Using Lambda with self-managed Apache Kafka - AWS Lambda

Using Lambda with self-managed Apache Kafka

Note

If you want to send data to a target other than a Lambda function or enrich the data before sending it, see Amazon EventBridge Pipes.

Lambda supports Apache Kafka as an event source. Apache Kafka is a an open-source event streaming platform that supports workloads such as data pipelines and streaming analytics.

You can use the AWS managed Kafka service Amazon Managed Streaming for Apache Kafka (Amazon MSK), or a self-managed Kafka cluster. For details about using Lambda with Amazon MSK, see Using Lambda with Amazon MSK.

This topic describes how to use Lambda with a self-managed Kafka cluster. In AWS terminology, a self-managed cluster includes non-AWS hosted Kafka clusters. For example, you can host your Kafka cluster with a cloud provider such as Confluent Cloud.

Apache Kafka as an event source operates similarly to using Amazon Simple Queue Service (Amazon SQS) or Amazon Kinesis. Lambda internally polls for new messages from the event source and then synchronously invokes the target Lambda function. Lambda reads the messages in batches and provides these to your function as an event payload. The maximum batch size is configurable. (The default is 100 messages.)

Warning

Lambda event source mappings process each event at least once, and duplicate processing of records can occur. To avoid potential issues related to duplicate events, we strongly recommend that you make your function code idempotent. To learn more, see How do I make my Lambda function idempotent in the AWS Knowledge Center.

For Kafka-based event sources, Lambda supports processing control parameters, such as batching windows and batch size. For more information, see Batching behavior.

For an example of how to use self-managed Kafka as an event source, see Using self-hosted Apache Kafka as an event source for AWS Lambda on the AWS Compute Blog.

Example event

Lambda sends the batch of messages in the event parameter when it invokes your Lambda function. The event payload contains an array of messages. Each array item contains details of the Kafka topic and Kafka partition identifier, together with a timestamp and a base64-encoded message.

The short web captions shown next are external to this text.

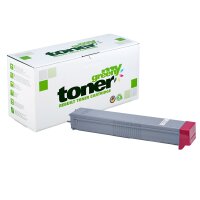 My Green Toner ersetzt Samsung CLT-M6072S/ELS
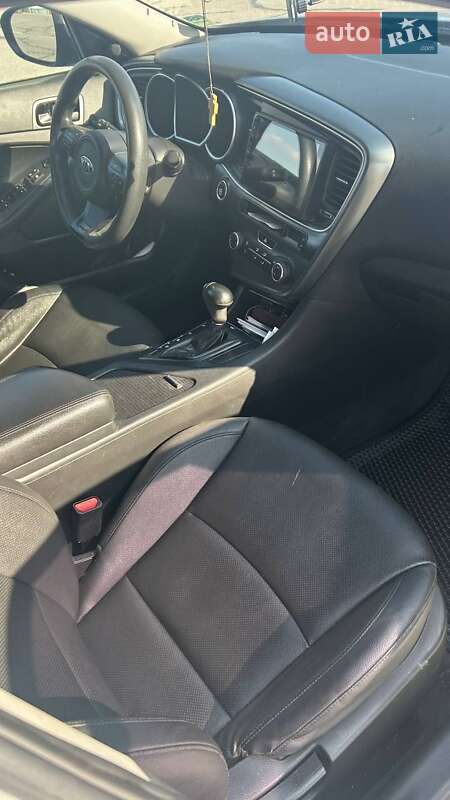 Седан Kia K5 2014 в Запорожье фото 14 Седан Kia K5 2014 в Запорожье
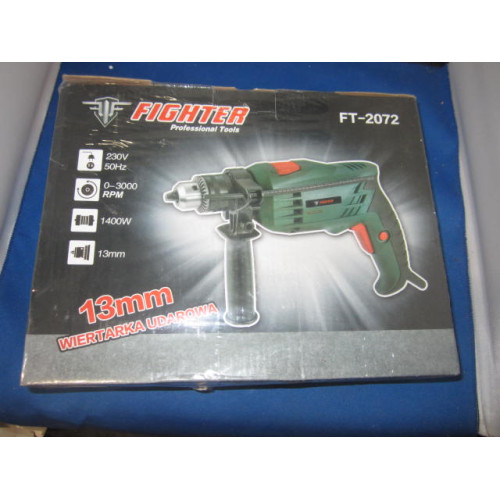 Fighter ft2072 Boormachine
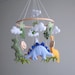 see more listings in the Dinosaurier Baby Mobile section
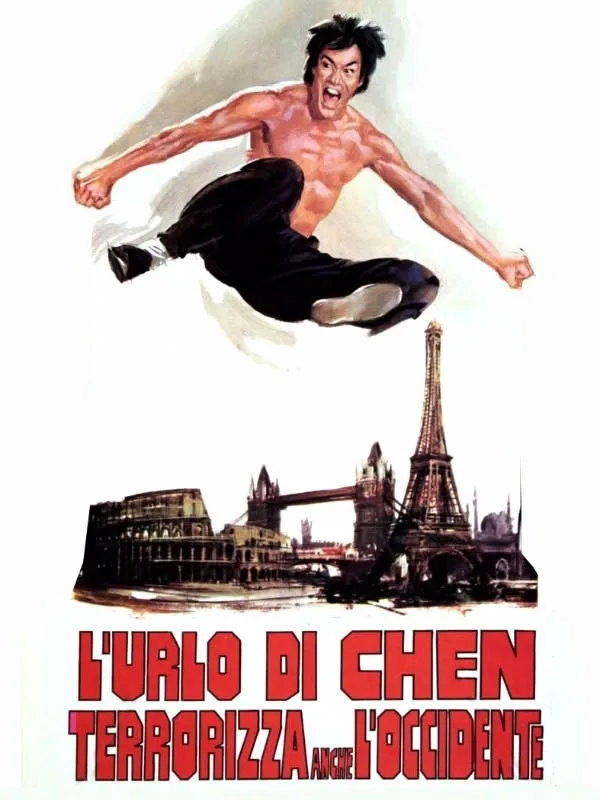 L'urlo di Chen terrorizza anche l'Occidente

{ "eventSource": "SelfManagedKafka", "bootstrapServers":"b-2.demo-cluster-1.a1bcde.c1.kafka.us-east-1.amazonaws.com:9092,b-1.demo-cluster-1.a1bcde.c1.kafka.us-east-1.amazonaws.com:9092", "records":{ "mytopic-0":[ { "topic":"mytopic", "partition":0, "offset":15, "timestamp":1545084650987, "timestampType":"CREATE_TIME", "key":"abcDEFghiJKLmnoPQRstuVWXyz1234==", "value":"SGVsbG8sIHRoaXMgaXMgYSB0ZXN0Lg==", "headers":[ { "headerKey":[ 104, 101, 97, 100, 101, 114, 86, 97, 108, 117, 101 ] } ] } ] } }